Abstract

Bacteria grown in a mixture of multiple sugars will first metabolize a preferred sugar until it is nearly depleted, only then turning to other carbon sources in the medium. This sharp switching of metabolic preference is characteristic of systems that optimize fitness. Here we consider the mechanism by which switching can occur in the Escherichia coli phosphotransferase system (PTS), which regulates the uptake and metabolism of several sugars. Using a model combining the description of fast biochemical processes and slower genetic regulation, we derive metabolic phase diagrams for the uptake of two PTS sugars, indicating regions of distinct sugar preference as a function of external sugar concentrations.
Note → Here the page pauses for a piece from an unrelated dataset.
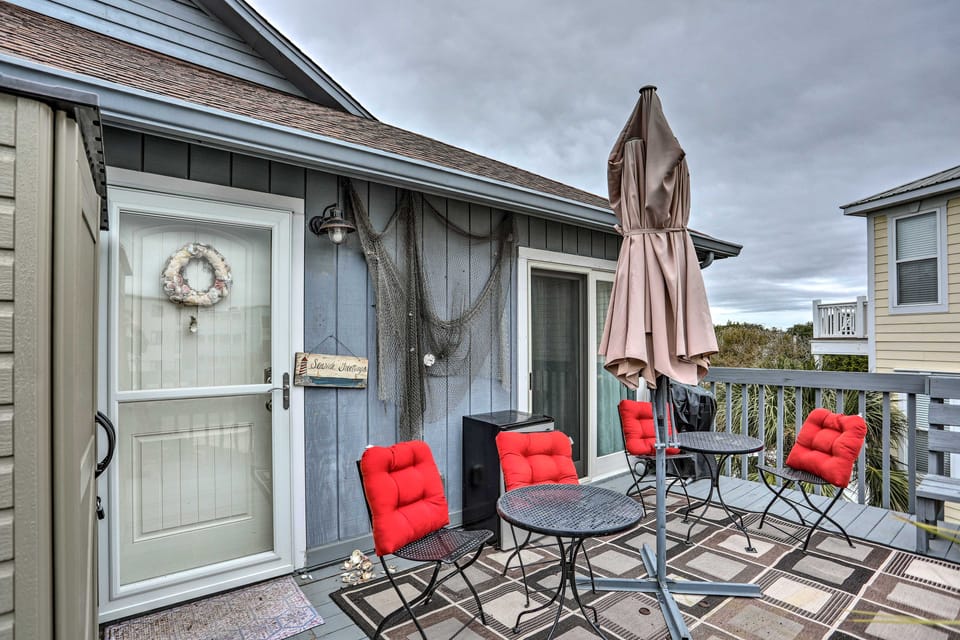 Breezy Murrells Inlet Condo w/ Deck: Walk to Beach Apartment in Garden City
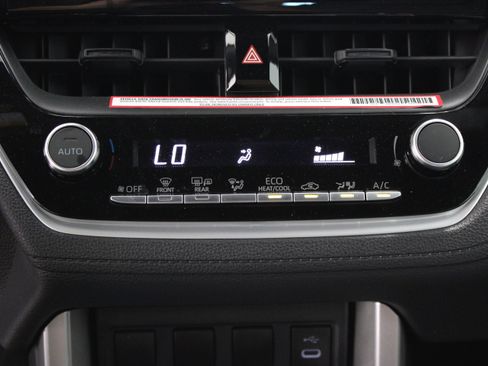 Certified 2024 Toyota Corolla Cross AWD Hybrid image 19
We then propose a classification of bacterial phenotypes based on the topology of the metabolic phase diagram, and enumerate the possible topologically distinct phenotypes that can be achieved through mutations of the PTS. This procedure reveals that there is only one nontrivial switching phenotype that is insensitive to large changes in biochemical parameters. This phenotype exhibits diauxic growth, a manifestation of the winner-take-all dynamics enforced by PTS architecture. Winner-take-all behavior is implemented by the induction of sugar-specific operons, combined with competition between sugars for limited phosphoryl flux. We propose that flux-limited competition could be a common mechanism for introducing repressive interactions in cellular networks, and we argue that switching behavior similar to that described here should occur generically in systems that implement such a mechanism.